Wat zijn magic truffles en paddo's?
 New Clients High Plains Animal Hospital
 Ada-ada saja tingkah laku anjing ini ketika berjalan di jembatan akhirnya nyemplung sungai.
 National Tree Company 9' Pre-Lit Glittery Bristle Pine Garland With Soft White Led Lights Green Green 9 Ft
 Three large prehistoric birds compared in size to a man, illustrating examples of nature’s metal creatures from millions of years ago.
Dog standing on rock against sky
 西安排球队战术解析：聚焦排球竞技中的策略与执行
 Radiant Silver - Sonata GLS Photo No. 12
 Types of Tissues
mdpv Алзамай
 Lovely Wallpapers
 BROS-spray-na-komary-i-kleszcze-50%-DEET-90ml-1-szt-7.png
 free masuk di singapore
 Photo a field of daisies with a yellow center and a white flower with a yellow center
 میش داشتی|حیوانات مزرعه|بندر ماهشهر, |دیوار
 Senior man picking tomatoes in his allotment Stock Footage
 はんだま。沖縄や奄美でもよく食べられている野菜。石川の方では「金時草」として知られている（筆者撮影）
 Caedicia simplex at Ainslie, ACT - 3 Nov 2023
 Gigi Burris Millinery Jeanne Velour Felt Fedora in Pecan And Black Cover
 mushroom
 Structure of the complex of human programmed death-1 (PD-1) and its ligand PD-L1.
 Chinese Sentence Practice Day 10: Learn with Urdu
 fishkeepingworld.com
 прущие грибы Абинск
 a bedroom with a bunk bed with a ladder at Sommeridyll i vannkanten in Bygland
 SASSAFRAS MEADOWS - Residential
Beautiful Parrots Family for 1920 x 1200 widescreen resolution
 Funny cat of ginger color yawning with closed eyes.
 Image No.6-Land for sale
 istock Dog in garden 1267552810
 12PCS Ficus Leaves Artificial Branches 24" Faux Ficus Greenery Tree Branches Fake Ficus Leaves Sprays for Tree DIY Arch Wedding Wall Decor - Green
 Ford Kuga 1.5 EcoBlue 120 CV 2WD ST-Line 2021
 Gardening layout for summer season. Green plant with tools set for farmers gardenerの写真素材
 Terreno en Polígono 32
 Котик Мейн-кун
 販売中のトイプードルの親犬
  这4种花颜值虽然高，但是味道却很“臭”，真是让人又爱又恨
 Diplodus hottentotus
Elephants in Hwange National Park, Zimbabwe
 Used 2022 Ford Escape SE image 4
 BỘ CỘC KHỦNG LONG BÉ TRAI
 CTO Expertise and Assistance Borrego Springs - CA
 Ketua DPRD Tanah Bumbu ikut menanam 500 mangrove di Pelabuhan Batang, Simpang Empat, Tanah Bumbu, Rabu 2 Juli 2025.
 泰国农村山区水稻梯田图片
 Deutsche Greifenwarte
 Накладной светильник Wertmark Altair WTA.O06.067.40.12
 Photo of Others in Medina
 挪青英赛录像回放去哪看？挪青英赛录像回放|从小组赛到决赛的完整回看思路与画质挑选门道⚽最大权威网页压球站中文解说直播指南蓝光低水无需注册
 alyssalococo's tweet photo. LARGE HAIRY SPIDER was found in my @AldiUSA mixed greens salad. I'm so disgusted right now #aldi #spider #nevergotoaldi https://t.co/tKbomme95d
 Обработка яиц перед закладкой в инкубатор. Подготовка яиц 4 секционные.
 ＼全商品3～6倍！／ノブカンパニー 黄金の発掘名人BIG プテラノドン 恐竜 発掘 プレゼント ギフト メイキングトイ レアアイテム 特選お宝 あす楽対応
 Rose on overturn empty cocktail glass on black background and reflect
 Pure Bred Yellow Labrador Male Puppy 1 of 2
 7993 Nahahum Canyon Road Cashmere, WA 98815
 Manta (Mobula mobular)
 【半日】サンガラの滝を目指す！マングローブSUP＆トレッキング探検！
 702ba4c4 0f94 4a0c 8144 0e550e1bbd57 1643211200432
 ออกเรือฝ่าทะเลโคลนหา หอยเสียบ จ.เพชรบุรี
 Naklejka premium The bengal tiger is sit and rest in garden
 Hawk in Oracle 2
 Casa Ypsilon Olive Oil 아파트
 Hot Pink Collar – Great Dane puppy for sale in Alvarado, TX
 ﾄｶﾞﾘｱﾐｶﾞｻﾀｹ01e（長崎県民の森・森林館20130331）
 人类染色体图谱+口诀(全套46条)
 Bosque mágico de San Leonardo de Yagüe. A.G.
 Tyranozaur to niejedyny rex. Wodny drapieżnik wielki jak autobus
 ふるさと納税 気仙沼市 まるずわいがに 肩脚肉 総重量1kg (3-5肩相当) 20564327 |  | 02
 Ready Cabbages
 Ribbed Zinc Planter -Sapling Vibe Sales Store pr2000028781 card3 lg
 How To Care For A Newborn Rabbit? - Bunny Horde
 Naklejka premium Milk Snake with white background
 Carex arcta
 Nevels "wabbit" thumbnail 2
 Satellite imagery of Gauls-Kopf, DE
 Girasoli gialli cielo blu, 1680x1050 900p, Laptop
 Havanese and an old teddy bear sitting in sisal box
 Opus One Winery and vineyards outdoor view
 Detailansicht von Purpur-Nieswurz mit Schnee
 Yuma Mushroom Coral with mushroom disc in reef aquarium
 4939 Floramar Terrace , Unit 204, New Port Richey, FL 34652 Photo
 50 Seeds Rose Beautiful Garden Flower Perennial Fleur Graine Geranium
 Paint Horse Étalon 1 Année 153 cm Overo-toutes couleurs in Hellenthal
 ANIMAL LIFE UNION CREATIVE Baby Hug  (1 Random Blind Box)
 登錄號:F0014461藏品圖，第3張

* * * * * * * * *

__WHAT YOU SHOULD DO__: Starting with the first line of the records above, give back each line exactly until the line with "free masuk di singapore" has been given as well.

__EXERCISE RESULT__:
Wat zijn magic truffles en paddo's?
 New Clients High Plains Animal Hospital
 Ada-ada saja tingkah laku anjing ini ketika berjalan di jembatan akhirnya nyemplung sungai.
 National Tree Company 9' Pre-Lit Glittery Bristle Pine Garland With Soft White Led Lights Green Green 9 Ft
 Three large prehistoric birds compared in size to a man, illustrating examples of nature’s metal creatures from millions of years ago.
Dog standing on rock against sky
 西安排球队战术解析：聚焦排球竞技中的策略与执行
 Radiant Silver - Sonata GLS Photo No. 12
 Types of Tissues
mdpv Алзамай
 Lovely Wallpapers
 BROS-spray-na-komary-i-kleszcze-50%-DEET-90ml-1-szt-7.png
 free masuk di singapore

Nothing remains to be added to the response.